The official who spoke to reporters is not aware of any specific intelligence about imminent threats that might have prompted the State Department request.
Meanwhile, U.S. military aircraft are continuing to bomb Islamic State targets near the Mosul Dam.
American fighters, attack aircraft and drones conducted 14 strikes Wednesday and another six on Thursday against insurgent Humvees, improvised explosive device emplacements, mortars, and trucks in the area, according to U.S. Central Command.
All U.S. planes involved exited the area safely, CENTCOM said.
Since Aug. 8, when the Pentagon began bombing militant targets at the request of the Iraqi government, the U.S. military has carried out 90 strikes across the country. The majority of those have been occurred in recent days as the U.S. began providing air support to Iraqi military and Kurdish pesh merga forces operating on the ground against militants near the Mosul Dam, according to CENTCOM.
Iraqi forces are now in control of the dam, according to DOD.
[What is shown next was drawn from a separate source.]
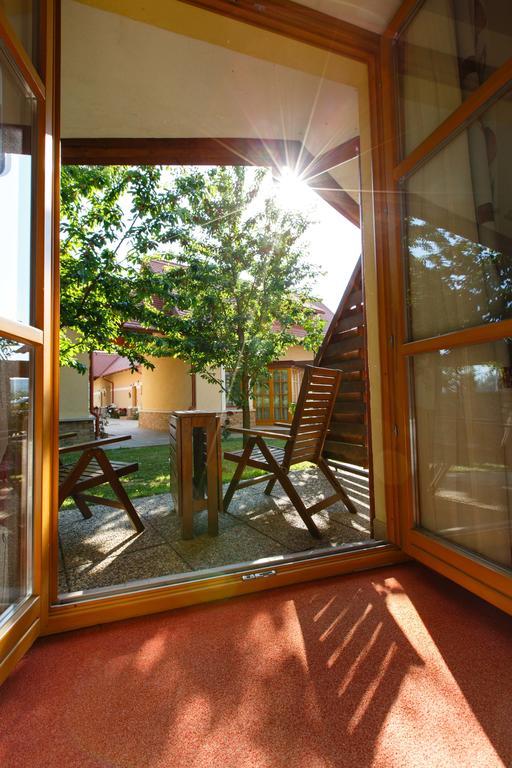 Kehida Hertelendy Haz Hotell Kehidakustány Exteriör bild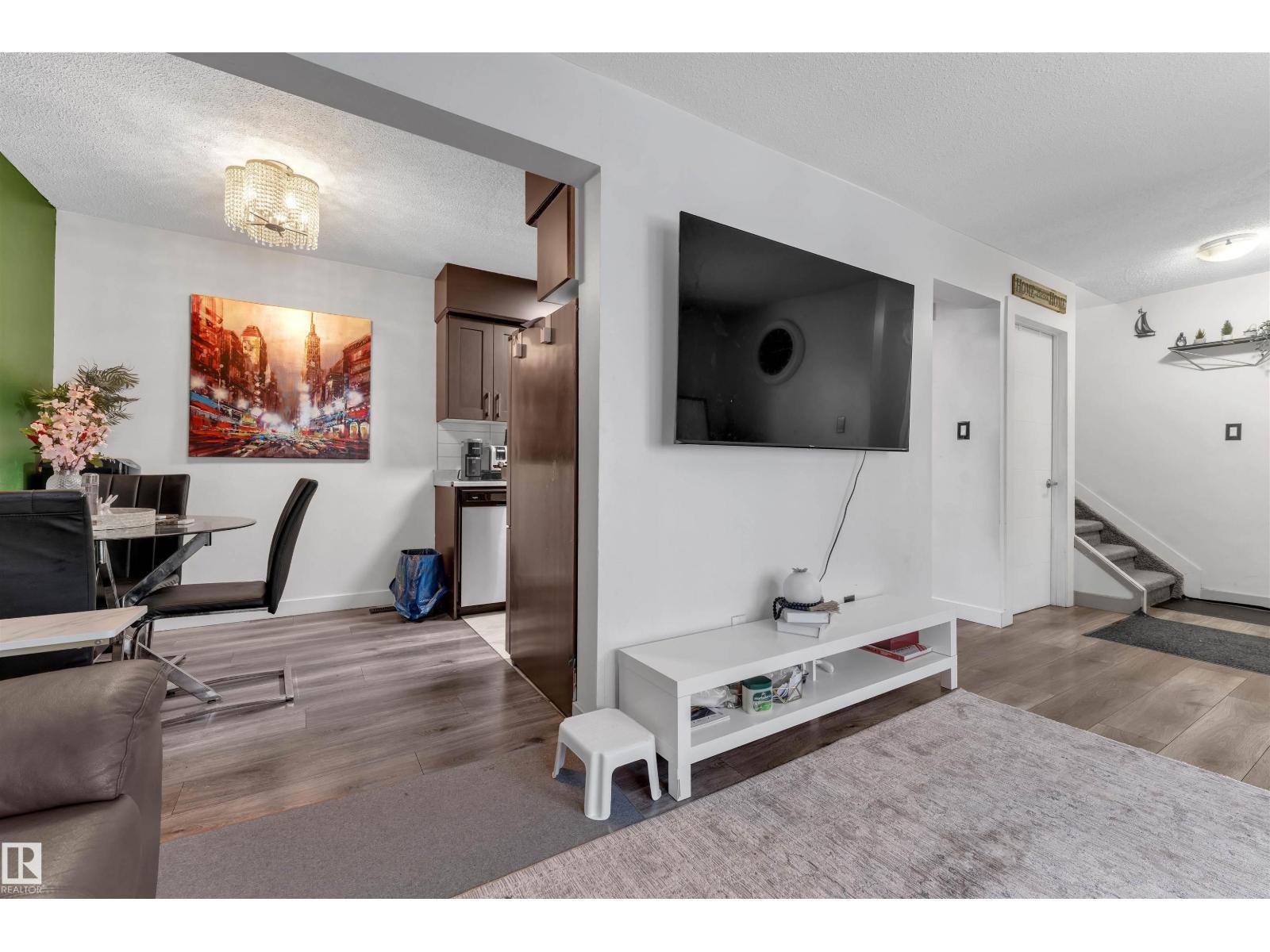 #7 14115 82 St Nw Property Photo 5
The latest rounds of airstrikes and the weighing of whether to send more troops to Iraq comes soon after the Islamic State released a video Tuesday showing the execution of American James Foley, a freelance journalist who previously worked for Stars and Stripes.
Foley went missing in 2012 while covering the civil war in Syria.
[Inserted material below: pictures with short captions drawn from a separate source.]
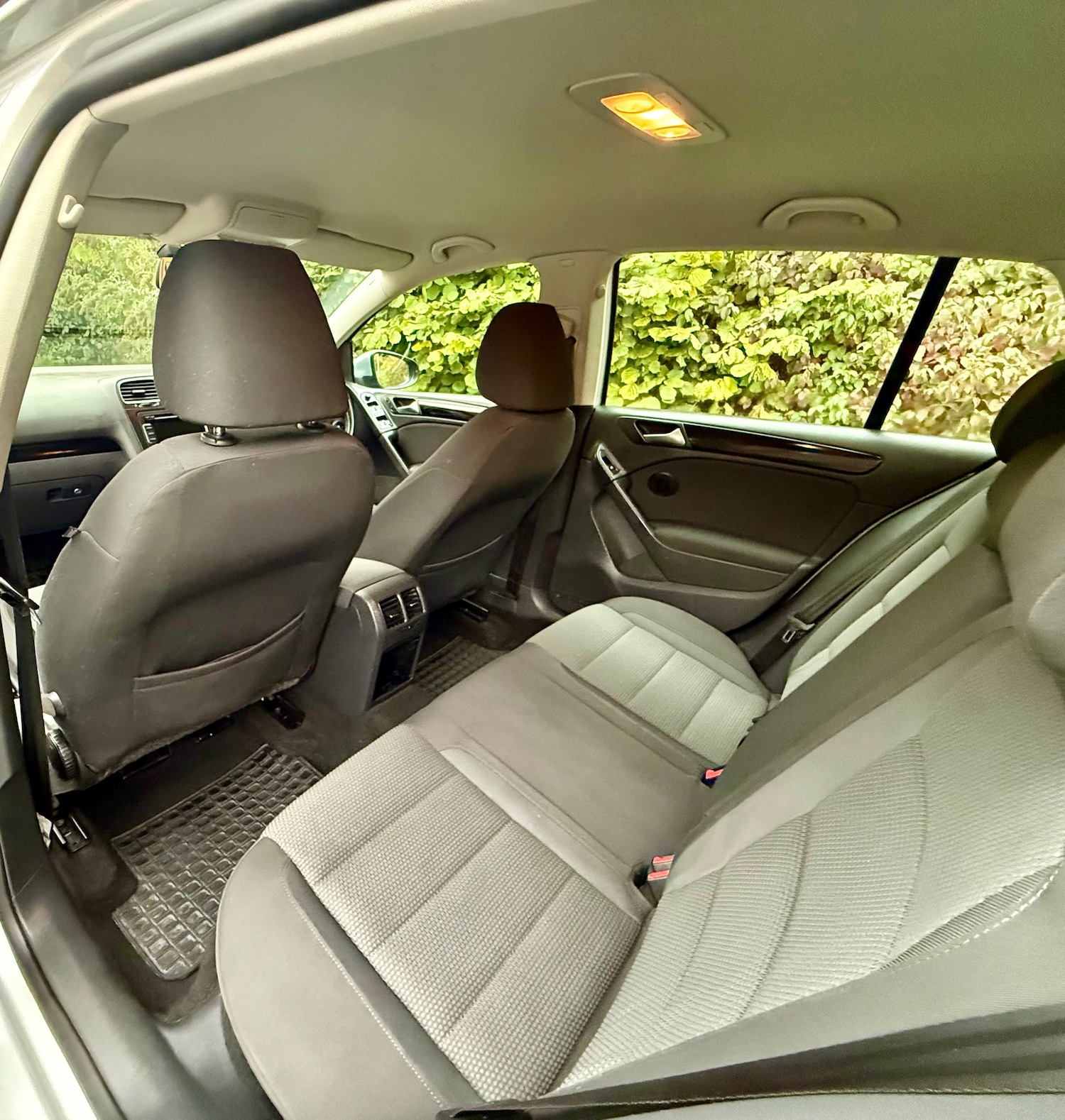 Used Volkswagen Golf 2012 for sale - 76302600: Photo 16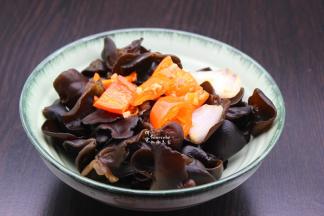 炒好的调料，热乎乎的时候倒入木耳的大碗里，放茴香，然后拌均即可吃，清香爽口很好吃哦，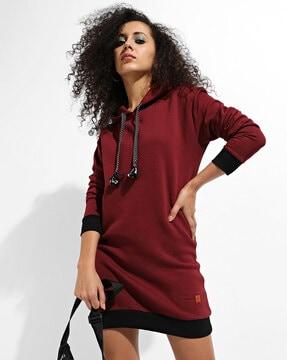 long hoodie with ribbed hem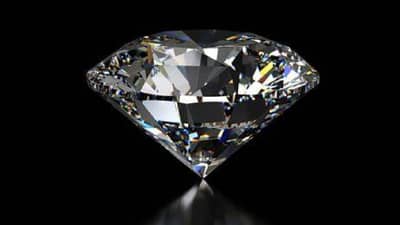 हिरा चाटल्याने माणसाचा मृत्यू होतो का? काय आहे सत्य?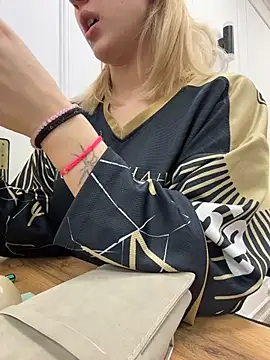 CaitlinSugar online show from November 8, 2025, 4:01 am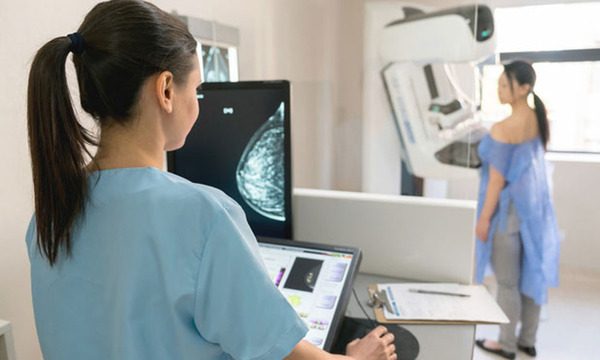 La IA se convierte en aliada clave contra el cáncer de mama con su detección de temprana - OviedoPress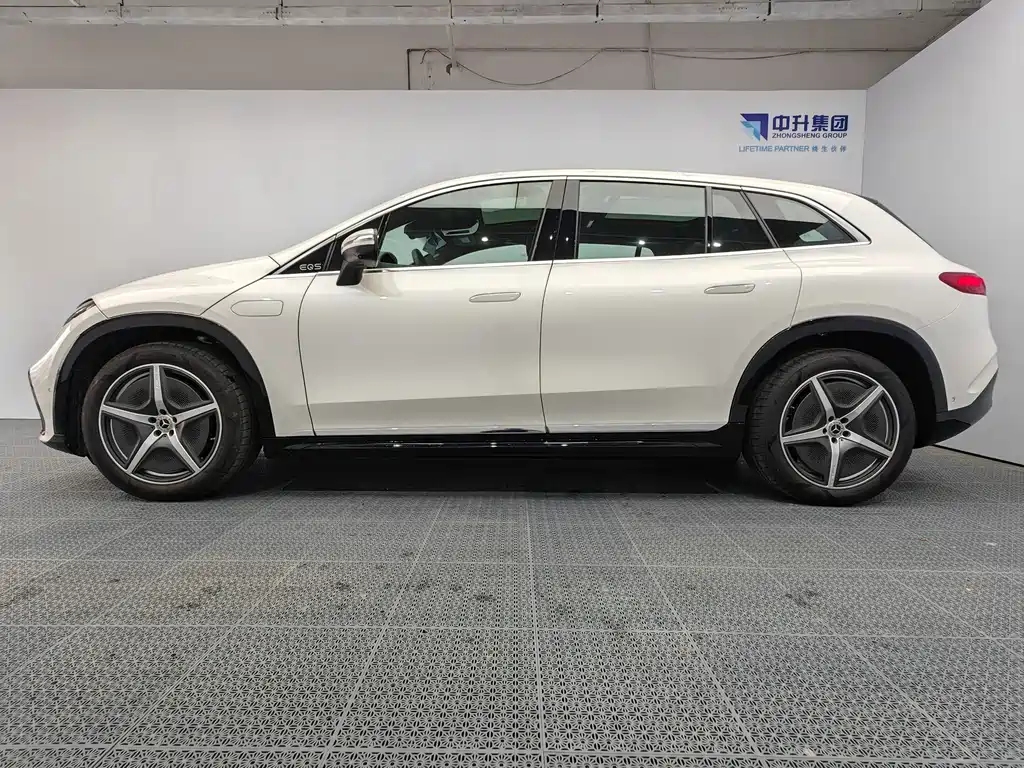 Mercedes-Benz Mercedes-Benz EQS SUV 450 4MATIC 2025 - thumbnail 7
U.S. officials have confirmed the authenticity of the video.
The militants said the killing was in retaliation for recent U.S. military moves against them, and they threatened to kill another American reporter who they have captured if the American military effort continues.
On Wednesday, President Barack Obama condemned the killing of Foley and suggested that the campaign against the Islamic State will not cease.
“The United States of America will continue to do what we must do to protect our people. We will be vigilant and we will be relentless. When people harm Americans anywhere, we do what’s necessary to see that justice is done and we act against [the Islamic State],” he said at Martha’s Vineyard, Mass., where he and his family are vacationing.
The official who spoke to reporters said Foley’s execution has not affected the scope of the American military campaign.
“There has been no change to the U.S. military mission in Iraq,” according to the official.